The motorcycle helmets (I have several) are inside the house. I don’t want gas vapors from my truck or my partner’s car to damage the helmet lining, which many reputable motorcycle magazines and experts have warned about.

I mentioned in a blog post the other day that my partner and I spent some time reorganizing the back of the garage so I can park my bike back there. I’m glad that worked out, so my Harley is warm and snug against winter’s wrath, but remains available should I want to go out for a ride when weather permits. I have, however, discontinued using my bike to ride to the Metro in the morning. It has just been too blasted cold.

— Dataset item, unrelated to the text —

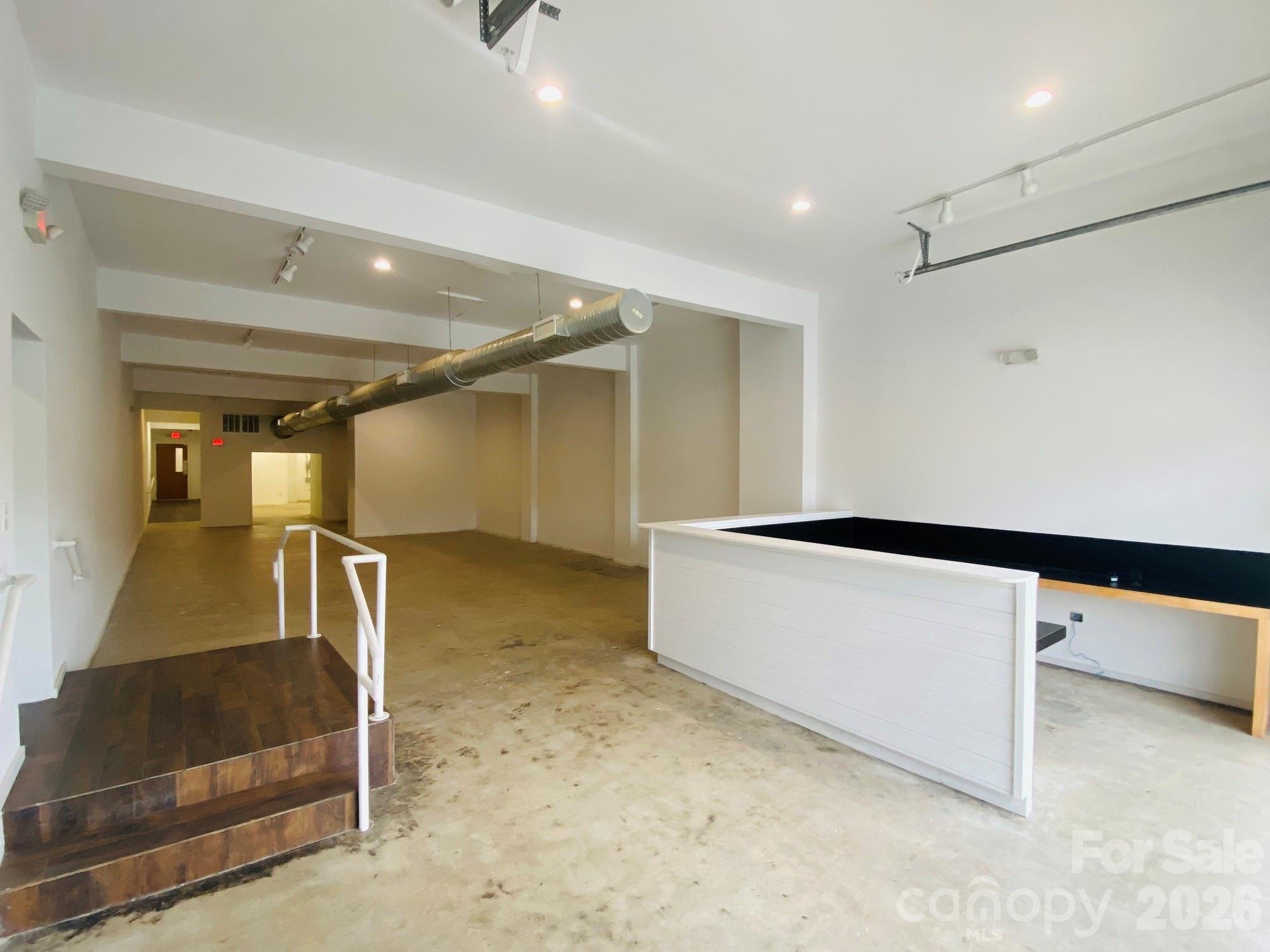 186 Coxe Avenue Asheville NC 28801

Before I put the bike in it’s new storage area, it got a good washing. Lingering dirt and road spray could lead to premature dulling of the paint, or worse: rust. The battery is on its trickle charger. The fuel is stabilized. My lovely Harley is in its “winter nap” mode. sigh….

I have been “accused” sometimes of being over-organized. I guess that comes from leading a multi-tasking life. I have to be well-organized to get everything done and be everywhere I need to be! But ask my partner — he will tell you honestly — if I didn’t have my head screwed on, I would probably lose it. Thank goodness for calendars and lists (and his patience). I’m not one to use one of those technological gadgets such as a PDA or Blackberry. I’d probably lose it, and resent paying monthly service fees to keep rich companies richer. Plain old lists work fine for me. (Some day I’ll blog about my sticky-note office!)

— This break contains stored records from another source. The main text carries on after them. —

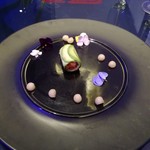 大董 - 烟薫三文鱼油梨全巻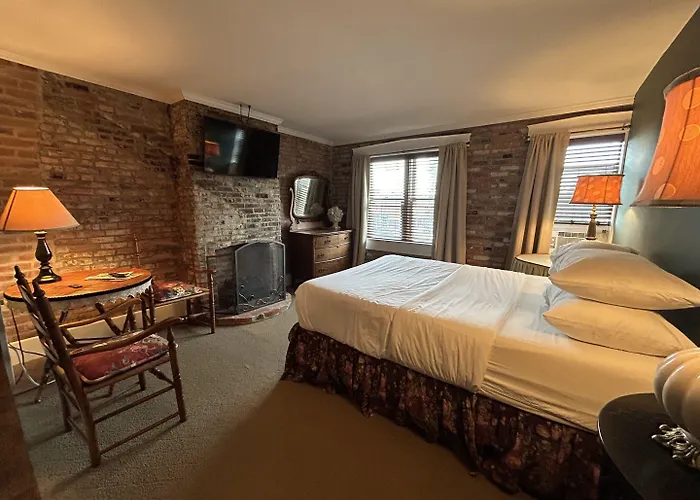 William Watson (adults Only) 4*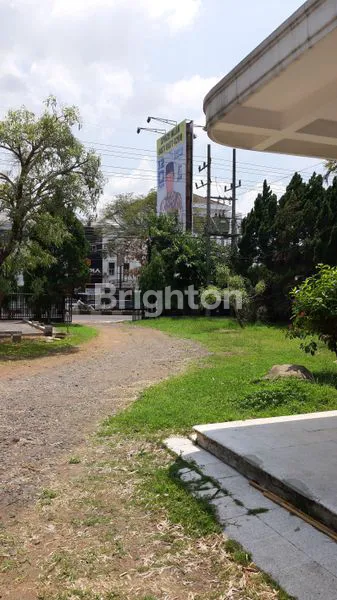image JUAL TANAH LUAS + RUMAH DI JL S. PARMAN KOTA MALANG COCOK UNTUK HOTEL, KANTOR, APARTEMEN (5)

I guess you could say that my website is evidence of my being hyper-organized. If that’s the case, well, so be it. At least I know what I have, what I like, and where it is! For the real evidence of my personal organization, though, just watch me at a public hearing sometime….

Have an organized day!

Wescos: Old Friends And Memories

Yesterday, I was rummaging around our attic, which my partner has claimed for his own, looking for something, but discovering something else: a old pair of traditional 18″ Wesco “Boss” Engineer Boots. I picked them up, looked at them closely, and thought, “what the heck are they doing here? My partner doesn’t wear boots — least of all Wescos.” My partner is definitely not the Bootman in the family.

I figure he just picked them up from our bedroom sometime and put them away, thinking I wouldn’t miss them. Well, he was right — they have probably been there for 7 or 8 years, buried under boxes, but for some reason, now were uncovered and visible.

I took them out, removed the boots I was currently wearing, and pulled them on. It was a bit of a struggle — the tall boot shafts were tight on my legs. Oh yeah, dummy, unbuckle the strap! That helped. Then I sat to muse for a while, to try to remember when and where I got them. My curiosity piqued, I got on my computer where I have anally kept track of every financial transaction I have done since 1983, and found the purchase. I got them at Mr. S. of San Francisco in December, 1989.

I remember that visit — I had been in San Francisco for months doing earthquake relief work following the big Bay Area quake of October of that year. I finally had my first Saturday off, and I set out to explore the city. I walked for what seemed miles through what I learned was called “South of Market” (SoMa). And along the way, there was this leather store… intriguing. I didn’t have much courage to go into such a place, but the boots in the window really caught this biker’s eye.

So I went in. I was frightened, awed, mesmerized, and aghast, all at the same time. I was almost ready to bolt from the place when a guy came up and asked me if I’d like to try on the boots. Okay, no one else was around, no one who may jump out to attack me seems to be hiding behind that rack in the corner… so I tried ’em on. They fit great! The sales guy said that the boots were on sale for just $200. I just had to have ’em. I was stuck in the city without boots suitable for the cold, damp, wet weather. (Cowboy boots only go so far…)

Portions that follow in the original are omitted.